Books for Summer: Lives and Times

If the happiness experts are to be trusted, we should take time every day to count our blessings. What better way to spend a holiday, then, than wallowing in the misery of others? Weird though it sounds, perhaps it's time to chuck out the chick-lit and the Chardonnay and curl up with a piña colada and a nice copy of I Was a Child of Holocaust Survivors.

"My parents were in Auschwitz. What do you have that can top that one?" asks Bernice Eisenstein, author of a book that is indeed called I Was a Child of Holocaust Survivors (Picador, £14.99) and which grapples with the now familiar burden of memory and its legacy. It starts, unusually enough, with a picture: of a quintet of Holocaust luminaries (Primo Levi, Hannah Arendt etc) sitting around a table and musing on the problem of evil and the inadequacies of language. It's a finely judged, and ironic, reminder of the weight - intellectual and philosophical as well as emotional - bearing down on any child of a survivor and of the sheer chutzpah needed to tread where so many have trod before.

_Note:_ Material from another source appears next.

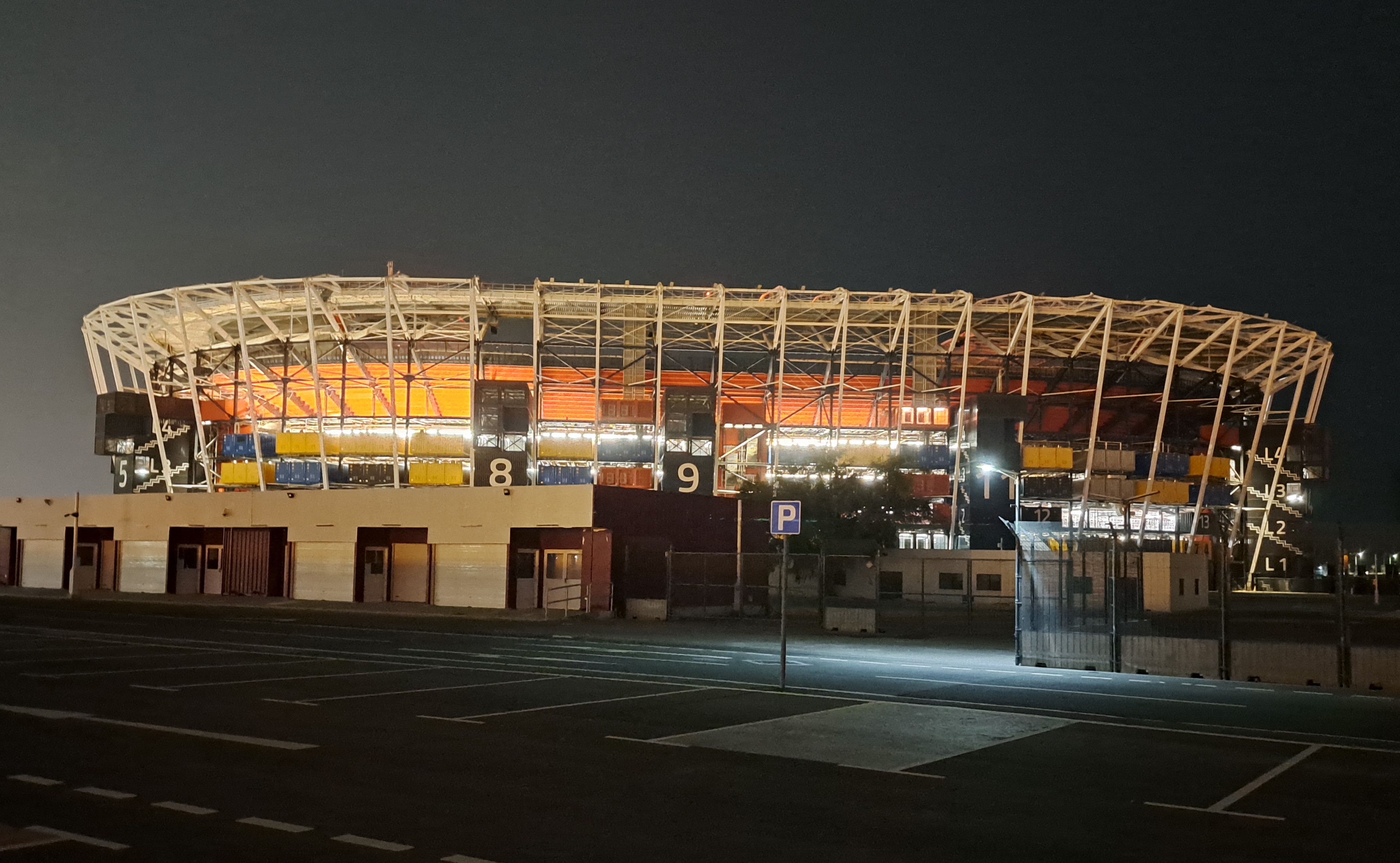 Shipping container world cup 2022 stadium 974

It's a challenge that Eisenstein, an artist, neatly sidesteps, by making pictures as central to her memoir as prose. Woven among her memories of a 1950s childhood with Yiddish-speaking parents are fresh and, yes, funny, pictures of family feasts and funerals, of her Western-loving father as John Wayne outside the gates of Auschwitz, and of a teetering pile of the Holocaust classics which were fast becoming an addiction. Eisenstein can't, of course, hope to match her eminent literary precursors, but she writes with wry honesty and, perhaps bravely, wit.

"Something in me was almost consoled by comparison with the horror of the camps, by the radiant silence of tragedy," says Kate Holden, another Holocaust junkie, in her extraordinary memoir, In My Skin (Canongate, £9.99). For her, this particular addiction is merely a sideline. It is heroin, the drug that "first blesses its users with enchantment and then parches them of sensation", which drags this middle-class English graduate, who was "going to be an archeologist who read Virginia Woolf in a tent", into life in a brothel. Holden's talents as a prostitute won her a large and loyal clientele. Her gifts as a writer should do the same.

Holden dedicates her book to her "brave and beautiful family". Other families don't get off quite so lightly. "Parents, if you do not want your children to write tell-all memoirs when they grow up, do not name them KhrYstYll, Pebble, or Shaka Zulu," says Rachel Manja Brown firmly in All the Fishes Come Home to Roost (Hodder, £12.99). Her jaunty and, at times, poignant account of a childhood in an Indian ashram boasts an array of eccentrics that are clearly more fun to read about than to live with.

The same applies to a trio of troubled fathers, a species that seems to be spawning its own sub-genre. In Falling Through The Earth (Picador, £14.99), Danielle Trussoni describes a childhood dominated by her father's violent, drunken rages. When she discovers a human skull, and trophy photos of a man riddled with bullet holes, she decides to find out more about her father's experiences in Vietnam. The result, written without a trace of self-pity, is extremely moving.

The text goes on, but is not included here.